Here is Insulation Math, for involved energy costs, where such lights have been baffled, to surround them with insulation:
With math for my home, the uninsulated area at each can light loses $2.4*0.8/3 = $0.64 per year. Bulb local heat is all lost in winter. Countable pennies are lost in heat-driven excess of house fresh air exchange through any can gaps
Please read more, in a Picasa Web Albums Slideshow:
The preferred installation has replacement of a can, with a 4" junction box.
With Blogger Labels feature, find all of my discussion of these wonderful LED plate lights: http://energyconservationhowto.blogspot.com/search/label/LED%20Plate%20Lights
The discussion will include all LED plate lights made by Lighting Sciences Group Company, LSGC, the 6" light sold as T91 at Home Depot, and an even more useful 4" light, not yet available at Home Depot.

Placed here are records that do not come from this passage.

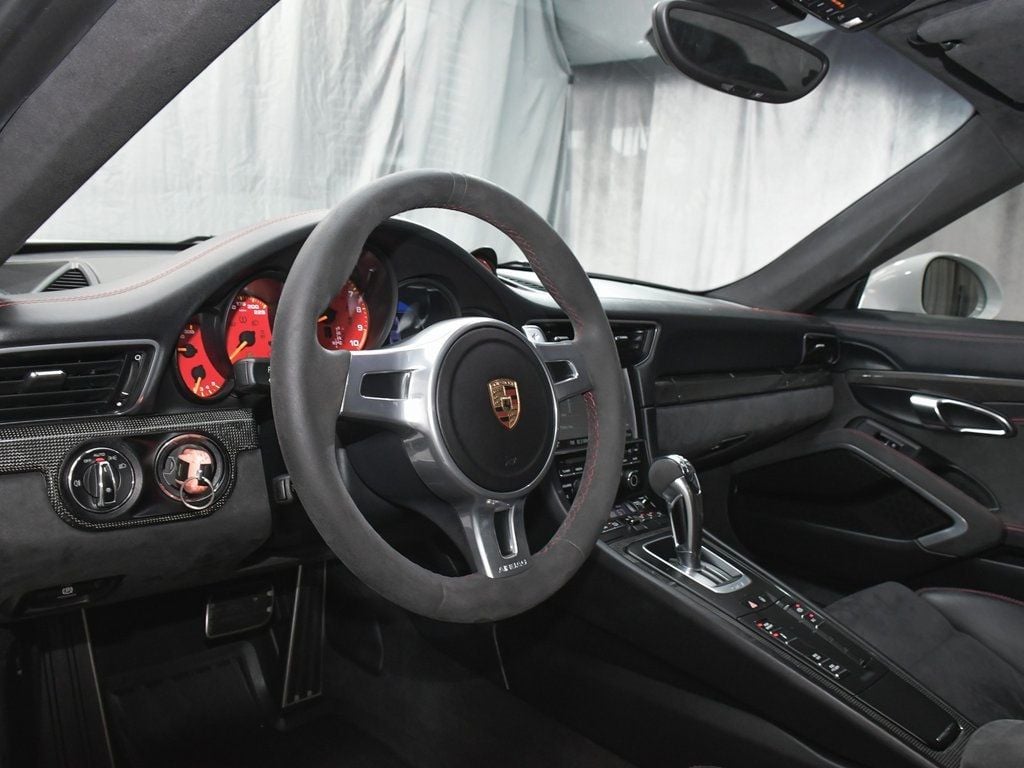 2015 Porsche 911 GT3 Coupe photo 9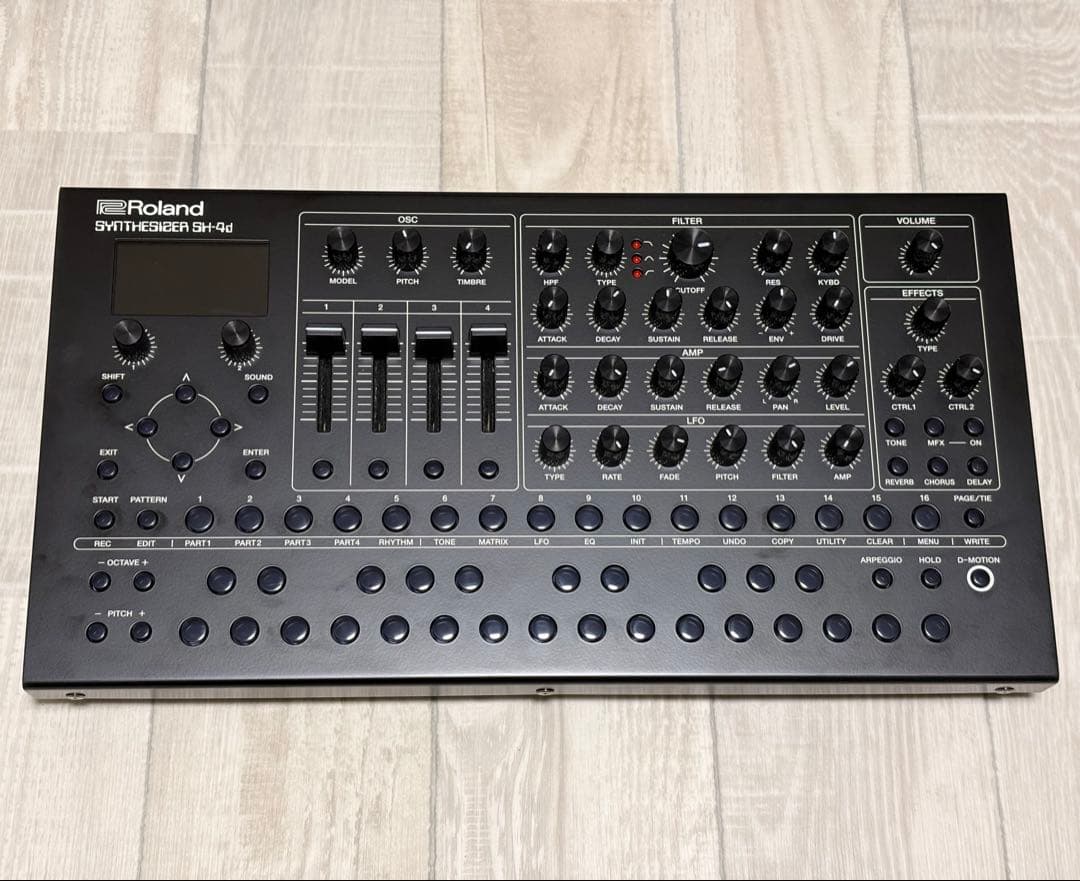 鍵盤楽器 Roland SH-4d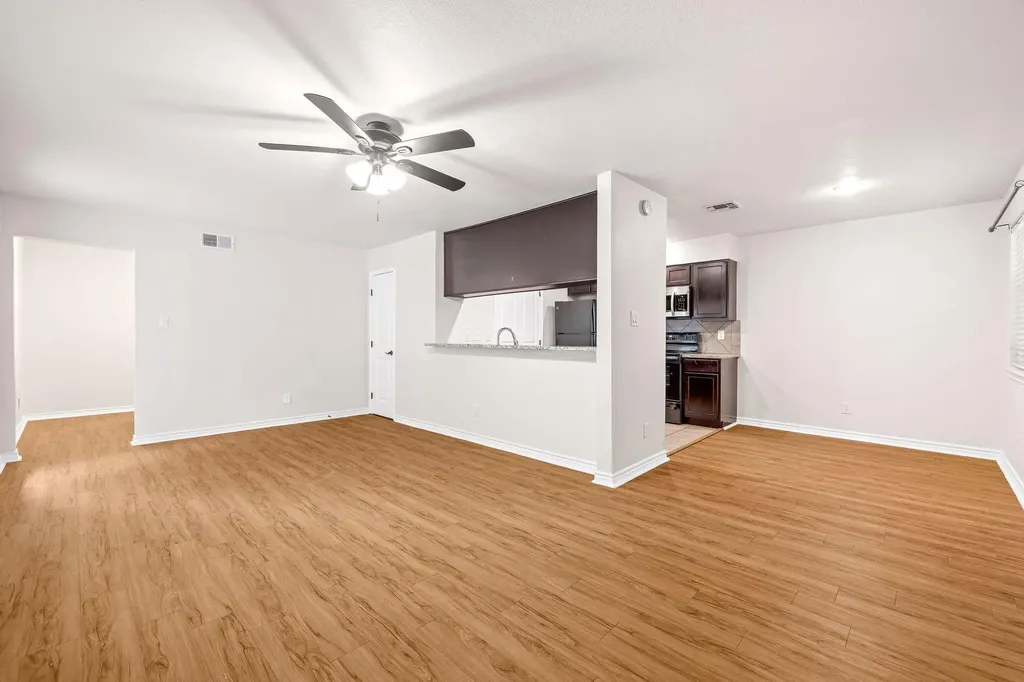 6700 Cooper Lane Austin TX 78745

At December, 2012, watch a revolution in the offering of plate LED lighting, with new Home Depot products, and hopeful availability of all LSGC plate LEDs at Lowe's stores. In arguments for new marketing measures, I offer an expansion of associated Insulation Math, above. The difficult swap-out of a can light, in the Picasa Web Album was at cost of $60, installed. With marketing efficiency and training, I suggest a $60 installed cost can be profitable to the contractor.
Typical $1 per year heat loss per can, plus excess cost of electricity. For electricity cost assume a maritime climate with $0.15 per KWH electricity cost. Consider a light that is on 4 hr per day, 1460 hr per year, Cost is $14 per year at 65 watts and $3 per year at 14 watts. Each change-out saves about $12 per year per fixture. Simple payback is in five years if total replacement cost is held at $60 per fixture. This is irreversible repair of a heat bleed, far better than putting a 23 watt CFL in the leaky can, $5 per year electricity cost, only $9 per year saving of energy. We are looking for fullest easy, painless energy savings, not fastest payback of any investment.